2022 Tax Planning: 9 Strategies to Consider
By the time the tax filing deadline rolls around in April, it's too late to make changes that might reduce your tax liability for this calendar year. That's why now is the time to take actions that can help manage your tax liability.
For example, the SECURE Act changed how retirement plans were viewed for tax purposes. In March 2022, new regulations were proposed to specify whether required minimum distributions (RMDs) would be required for non-spousal inherited individual retirement accounts (IRAs). The proposed regulations, which are still subject to change, would require the non-spousal beneficiary to take RMDs over 10 years, based on their life expectancy, if the deceased IRA holder had begun taking RMDs before their death. Additionally, provisions of the CARES Act, which implemented additional tax savings through 2021, are no longer available for tax year 2022.
As you consider your tax liability, there are a number of potential tax strategies to consider, but remember, no specific plan works for everyone. You should speak with your tax advisor to determine which strategies may work best to help achieve your particular goals and objectives.
Consider these nine strategies before you file your 2022 tax return:
1. Contribute to Tax-Deductible or Tax-Deferred Accounts.
Making a contribution to a qualified 401(k) or health savings account (HSA) plan can reduce your taxable income. Individuals and married couples can make 2022 contributions to traditional IRAs, SEP-IRAs, SIMPLE IRAs and HSAs all the way up to April 15, 2023. Note that the extended timeframe does not apply to contributions to 401(k)/profit-sharing plans, which require contributions to be made during the calendar year, no later than Dec. 31, 2022.

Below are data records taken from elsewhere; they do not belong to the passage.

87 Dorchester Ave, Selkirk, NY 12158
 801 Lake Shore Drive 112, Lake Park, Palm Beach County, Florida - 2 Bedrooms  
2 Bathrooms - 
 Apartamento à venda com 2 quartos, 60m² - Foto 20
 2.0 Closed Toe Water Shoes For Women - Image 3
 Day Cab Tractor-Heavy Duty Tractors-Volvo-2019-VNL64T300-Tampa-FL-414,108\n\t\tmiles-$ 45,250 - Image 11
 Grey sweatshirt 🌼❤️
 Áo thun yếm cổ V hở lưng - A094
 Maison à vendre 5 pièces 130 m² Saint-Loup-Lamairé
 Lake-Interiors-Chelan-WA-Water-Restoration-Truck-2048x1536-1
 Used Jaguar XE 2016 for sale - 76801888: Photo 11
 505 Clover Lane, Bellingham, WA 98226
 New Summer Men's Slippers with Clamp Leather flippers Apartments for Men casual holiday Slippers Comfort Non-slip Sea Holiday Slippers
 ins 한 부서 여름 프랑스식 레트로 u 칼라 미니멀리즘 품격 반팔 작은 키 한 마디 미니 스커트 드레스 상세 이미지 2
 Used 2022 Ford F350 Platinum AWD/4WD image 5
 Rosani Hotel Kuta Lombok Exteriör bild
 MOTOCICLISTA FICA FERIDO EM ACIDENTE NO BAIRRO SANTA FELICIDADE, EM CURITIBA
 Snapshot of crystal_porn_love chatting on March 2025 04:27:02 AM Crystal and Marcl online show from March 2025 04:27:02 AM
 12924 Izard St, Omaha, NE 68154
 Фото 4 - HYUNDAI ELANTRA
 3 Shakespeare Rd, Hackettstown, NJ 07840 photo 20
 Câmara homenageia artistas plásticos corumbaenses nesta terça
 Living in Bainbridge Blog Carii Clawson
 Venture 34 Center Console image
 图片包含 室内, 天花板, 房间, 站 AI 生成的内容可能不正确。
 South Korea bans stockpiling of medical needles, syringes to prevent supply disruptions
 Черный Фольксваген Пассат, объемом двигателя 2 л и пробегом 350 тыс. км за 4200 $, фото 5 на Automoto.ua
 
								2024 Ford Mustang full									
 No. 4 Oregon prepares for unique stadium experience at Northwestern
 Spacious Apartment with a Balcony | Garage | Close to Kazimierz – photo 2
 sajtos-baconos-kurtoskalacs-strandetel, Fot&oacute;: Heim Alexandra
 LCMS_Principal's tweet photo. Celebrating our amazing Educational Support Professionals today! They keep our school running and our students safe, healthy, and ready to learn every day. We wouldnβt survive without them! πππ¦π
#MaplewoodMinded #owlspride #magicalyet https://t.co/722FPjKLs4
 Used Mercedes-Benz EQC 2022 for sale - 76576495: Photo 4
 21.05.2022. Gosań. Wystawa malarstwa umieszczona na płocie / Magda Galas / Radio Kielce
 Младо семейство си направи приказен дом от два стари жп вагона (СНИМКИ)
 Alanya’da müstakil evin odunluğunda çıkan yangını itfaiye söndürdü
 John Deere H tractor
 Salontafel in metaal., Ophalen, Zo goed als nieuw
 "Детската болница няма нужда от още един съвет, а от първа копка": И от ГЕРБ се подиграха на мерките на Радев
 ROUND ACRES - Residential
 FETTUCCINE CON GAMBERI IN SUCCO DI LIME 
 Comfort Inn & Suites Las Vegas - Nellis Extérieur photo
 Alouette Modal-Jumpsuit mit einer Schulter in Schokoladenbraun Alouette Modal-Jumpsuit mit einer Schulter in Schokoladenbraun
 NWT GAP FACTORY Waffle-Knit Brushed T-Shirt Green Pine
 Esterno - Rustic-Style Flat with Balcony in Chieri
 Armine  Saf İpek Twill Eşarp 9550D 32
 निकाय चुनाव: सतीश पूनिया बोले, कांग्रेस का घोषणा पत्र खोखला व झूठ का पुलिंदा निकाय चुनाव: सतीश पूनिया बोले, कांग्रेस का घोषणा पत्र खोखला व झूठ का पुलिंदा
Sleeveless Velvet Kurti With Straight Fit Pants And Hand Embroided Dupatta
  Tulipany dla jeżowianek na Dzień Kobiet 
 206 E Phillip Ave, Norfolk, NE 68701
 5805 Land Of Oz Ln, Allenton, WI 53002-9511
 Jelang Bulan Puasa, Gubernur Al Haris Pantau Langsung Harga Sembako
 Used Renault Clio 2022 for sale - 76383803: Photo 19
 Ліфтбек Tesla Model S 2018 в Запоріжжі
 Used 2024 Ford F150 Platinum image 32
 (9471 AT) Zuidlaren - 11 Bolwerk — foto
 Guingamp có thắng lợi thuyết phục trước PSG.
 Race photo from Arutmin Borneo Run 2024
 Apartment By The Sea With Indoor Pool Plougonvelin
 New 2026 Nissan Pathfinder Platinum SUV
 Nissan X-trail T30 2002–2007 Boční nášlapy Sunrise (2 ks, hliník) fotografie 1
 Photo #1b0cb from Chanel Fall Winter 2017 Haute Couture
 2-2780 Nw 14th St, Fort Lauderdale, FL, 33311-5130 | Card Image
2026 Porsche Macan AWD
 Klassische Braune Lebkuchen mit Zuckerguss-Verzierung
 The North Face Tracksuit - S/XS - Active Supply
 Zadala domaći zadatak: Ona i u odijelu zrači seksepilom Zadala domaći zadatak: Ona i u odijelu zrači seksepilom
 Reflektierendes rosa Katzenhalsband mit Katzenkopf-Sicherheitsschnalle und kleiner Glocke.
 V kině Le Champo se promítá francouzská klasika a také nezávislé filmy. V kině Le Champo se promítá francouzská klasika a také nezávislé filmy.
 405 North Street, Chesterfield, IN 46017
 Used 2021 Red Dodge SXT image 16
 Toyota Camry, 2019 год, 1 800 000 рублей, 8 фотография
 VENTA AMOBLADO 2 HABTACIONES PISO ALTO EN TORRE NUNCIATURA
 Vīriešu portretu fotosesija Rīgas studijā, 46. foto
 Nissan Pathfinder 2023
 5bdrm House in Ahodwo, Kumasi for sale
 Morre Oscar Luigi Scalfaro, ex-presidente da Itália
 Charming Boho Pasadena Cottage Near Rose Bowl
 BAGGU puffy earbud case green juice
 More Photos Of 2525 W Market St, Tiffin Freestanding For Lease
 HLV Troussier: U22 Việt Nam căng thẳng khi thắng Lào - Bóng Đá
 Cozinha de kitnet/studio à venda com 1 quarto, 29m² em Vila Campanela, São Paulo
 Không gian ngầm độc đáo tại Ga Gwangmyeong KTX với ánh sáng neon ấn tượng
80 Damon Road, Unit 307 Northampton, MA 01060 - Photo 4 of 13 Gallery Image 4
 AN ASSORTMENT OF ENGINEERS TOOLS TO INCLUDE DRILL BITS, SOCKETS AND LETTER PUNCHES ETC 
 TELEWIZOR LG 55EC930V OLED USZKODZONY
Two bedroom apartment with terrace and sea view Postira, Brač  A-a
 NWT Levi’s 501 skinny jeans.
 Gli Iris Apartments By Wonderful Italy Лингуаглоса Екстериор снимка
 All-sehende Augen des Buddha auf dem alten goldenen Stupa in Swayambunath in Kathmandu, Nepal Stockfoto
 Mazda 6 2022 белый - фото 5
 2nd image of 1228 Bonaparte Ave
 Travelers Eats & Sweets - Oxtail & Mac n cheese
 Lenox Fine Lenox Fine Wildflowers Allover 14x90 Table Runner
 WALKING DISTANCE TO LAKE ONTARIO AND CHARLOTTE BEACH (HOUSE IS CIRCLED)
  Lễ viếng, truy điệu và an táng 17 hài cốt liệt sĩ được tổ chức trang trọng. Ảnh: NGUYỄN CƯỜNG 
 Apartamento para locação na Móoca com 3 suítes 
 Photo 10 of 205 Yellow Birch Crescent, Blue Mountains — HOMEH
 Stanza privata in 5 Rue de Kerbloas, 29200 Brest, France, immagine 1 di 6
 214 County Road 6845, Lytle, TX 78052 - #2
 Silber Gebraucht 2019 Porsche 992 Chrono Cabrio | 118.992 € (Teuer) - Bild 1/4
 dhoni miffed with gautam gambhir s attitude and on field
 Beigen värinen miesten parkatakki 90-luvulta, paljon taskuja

Pre-tax contributions to a 401(k) are limited to $20,500 for 2022. However, workers 50 and older can make an additional $6,500 in catch-up contributions to their plans, increasing the maximum contribution to $27,000.
If you own a business or are an independent contractor, you may consider establishing a Simplified Employee Pension Plan or SEP-IRA. You can contribute the lesser of 25% of your compensation (including bonuses) or $61,000 ($67,500 if age 50 or older) to your SEP every year. You have until the date you file your taxes (April 15 or Oct. 15, if extended) to make the SEP contribution. These rules also apply to participants in profit-sharing defined contribution plans.
If you participate in a qualified high-deductible family health insurance plan, you can deduct up to $7,300 in contributions to an HSA in 2022. Individuals with self-only coverage can deduct up to $3,650. In addition, those aged 55 or older are eligible for an additional $1,000 catch-up contribution.
2. Consider a Roth Conversion.
One of the benefits of a Traditional IRA is that contributions are excluded from taxable income in the year they were made. However, all distributions from a Traditional IRA during retirement are taxed as regular income. In contrast, Roth IRAs do not provide an upfront tax benefit, but distributions taken during retirement from qualified Roth accounts may be received tax-free. In addition, Roth IRAs do not require you to take minimum distributions at a certain age, as Traditional IRAs do. Therefore, a Roth IRA may be especially beneficial if you wish to manage your taxable income during retirement.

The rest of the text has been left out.